Die Südkoreaner ärgern sich in diesen Tagen auch über das zynisch anmutende Verhalten ihrer Präsidentin, weiterer Politiker und den Medien. So ließ sich Präsidentin Park Geun Hye mit einem sechsjährigen Mädchen ablichten – das gerade ihre Eltern bei dem Schiffsunglück verloren hatte und selbst im Krankenhaus behandelt worden war. Offenbar wurde das Mädchen nur für das Foto in eine Sporthalle gebracht. "Die Präsidentin tröstet das sechsjährige Mädchen Gwon Jin-Young, das seine Eltern verloren hat", betitelte die regierungsfreundliche Zeitung Chosun Ilbo das Bild.

Schon vorher war die Präsidentin von den sozialen Netzwerken verspottet worden, als sie zum Unglücksort eilte und in die Fernsehkameras sagte: "Ich konnte nicht still zu Hause sitzen, weil ich mir große Sorgen mache. Warum aber können die Kinder nicht gerettet werden, obwohl sie Rettungswesten anhaben?"
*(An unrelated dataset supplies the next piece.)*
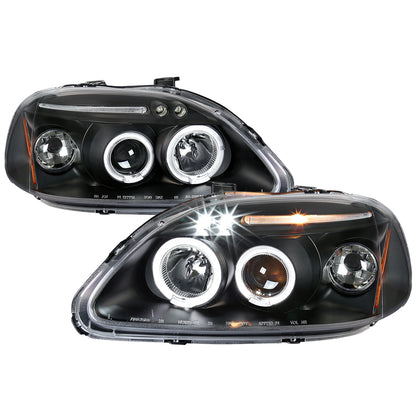 1996-1998 Honda Civic Dual Halo Projector Headlights (Matte Black Housing/Clear Lens)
"Ihr ist scheinbar entgangen, dass die Vermissten im Schiffswrack gefangen sind", kommentierten die User: "Obwohl sie doch die Geschehnisse genaustens verfolgt haben will."

Werbung für Reiseversicherungen

Vorher hatten weitere hohe Politiker die Sporthalle besucht, in der sich die Angehörigen der Opfer versammelt hatten. Sie wurden nicht so gnädig empfangen wie die Präsidentin – sondern wütend aus dem Raum gedrängt. Premierminister Jung Hon-Won bekam sogar eine Wasserflasche an den Kopf geworfen. Die aufgebrachten Angehörigen schimpften, die Politiker sollten sich gefälligst bemühen, die Kinder zu retten, anstatt sich mit dem Unglück zu profilieren, berichtete die Zeitung Kyunghyang-Shinmun.

Doch auch nicht alle Medien verhielten sich respektvoll. Zeitungen wie die großeChosun Ilbo veröffentlichten einen Artikel, der Werbung für Reiseversicherungen machte. Andere Journalisten zitierten aus Schulheften von potenziellen Opfern.

Doch die Aussagen von Überlebenden bringen auch herzzerreißende Geschichten von Selbstlosigkeit und Courage hervor, wie der Fall des 22-jährigen Schiffscrew-Mitglieds Park Ji-Young. Sie überließ ihre Schutzweste einem 17-jährigen Schüler, damit er zuerst gerettet werden konnte. Ji-Young starb bei dem Unglück. Überlebende berichten, wie sie Schülern noch geholfen hatte, als ihr das Wasser selbst auf Brusthöhe stand.

Die Angehörigen der Vermissten halten sich nun an dem Strohhalm fest, dass Experten zufolge nicht alle Teile des gesunkenen Schiffs unter Wasser sind und durch die Größe der Fähre möglicherweise genug Sauerstoff vorhanden ist. Allerdings kommen die Rettungsarbeiten wegen der starken Strömung und Nebels kaum vorwärts.

So warten alle verzweifelt auf ein Lebenszeichen.

"Ich schreibe dir, weil ich nicht weiß, ob ich dir das noch selber sagen kann. Ich hab dich lieb, Mama.", textete eine Schülerin kurz nach dem Unglück ihrer Mutter. Ohne zu wissen, worum es ging, schrieb diese zurück: "Ich dich auch."